Loading...
Loading...
Loading...
---
phase: 13-retrieval-evaluation-framework
plan: 02
type: execute
wave: 1
depends_on: []
files_modified:
- src/main/java/dev/alexandria/search/eval/EvaluationExporter.java
- src/main/java/dev/alexandria/search/eval/GoldenSetEntry.java
- src/main/java/dev/alexandria/search/eval/EvaluationResult.java
- src/main/resources/eval/golden-set.json
- src/main/resources/application.yml
- src/test/java/dev/alexandria/search/eval/EvaluationExporterTest.java
autonomous: true
requirements:
- EVAL-02
- EVAL-05
must_haves:
truths:
- "A golden-set.json file contains 100 annotated queries with graded relevance judgments"
- "Each query has a type (factual, conceptual, code_lookup, troubleshooting) matching the required distribution"

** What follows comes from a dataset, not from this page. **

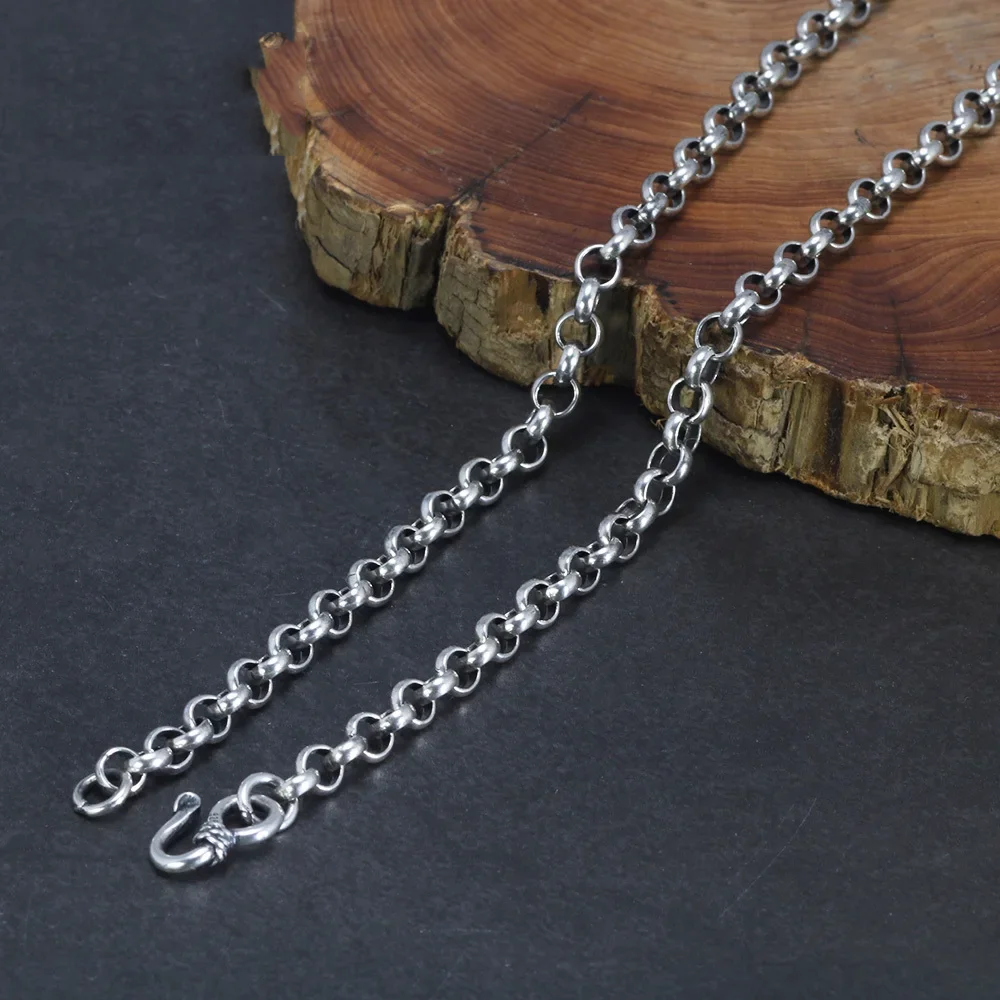 Silver chain on a wooden block with a dark background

- "Each query has relevance judgments with chunk identifiers and grades 0-2"
- "EvaluationExporter writes aggregate CSV with global and per-type metrics"
- "EvaluationExporter writes detailed CSV with per-query chunk results"
- "CSV filenames contain ISO timestamp and configurable label"
- "Output directory is configurable via application properties"
artifacts:
- path: "src/main/resources/eval/golden-set.json"
provides: "100 annotated queries for retrieval evaluation"
min_lines: 200
- path: "src/main/java/dev/alexandria/search/eval/GoldenSetEntry.java"
provides: "Record for parsing golden set entries"
contains: "record GoldenSetEntry"
- path: "src/main/java/dev/alexandria/search/eval/EvaluationResult.java"
provides: "Record for per-query evaluation results"
contains: "record EvaluationResult"
- path: "src/main/java/dev/alexandria/search/eval/EvaluationExporter.java"
provides: "CSV export service for evaluation results"
contains: "class EvaluationExporter"
- path: "src/test/java/dev/alexandria/search/eval/EvaluationExporterTest.java"
provides: "Unit tests for CSV export"
min_lines: 50
key_links:
- from: "src/main/java/dev/alexandria/search/eval/EvaluationExporter.java"
to: "src/main/resources/application.yml"
via: "@Value for output directory and default label"
pattern: "alexandria\\.eval"
- from: "src/main/resources/eval/golden-set.json"
to: "src/main/java/dev/alexandria/search/eval/GoldenSetEntry.java"
via: "Jackson deserialization"
pattern: "GoldenSetEntry"
---
<objective>
Create the golden set of 100 annotated queries and the CSV export service for evaluation results.
Purpose: The golden set provides the ground truth for measuring retrieval quality. The exporter enables tracking metric trends across pipeline changes (phases 14-18). Both are independent of the metrics computation (plan 01).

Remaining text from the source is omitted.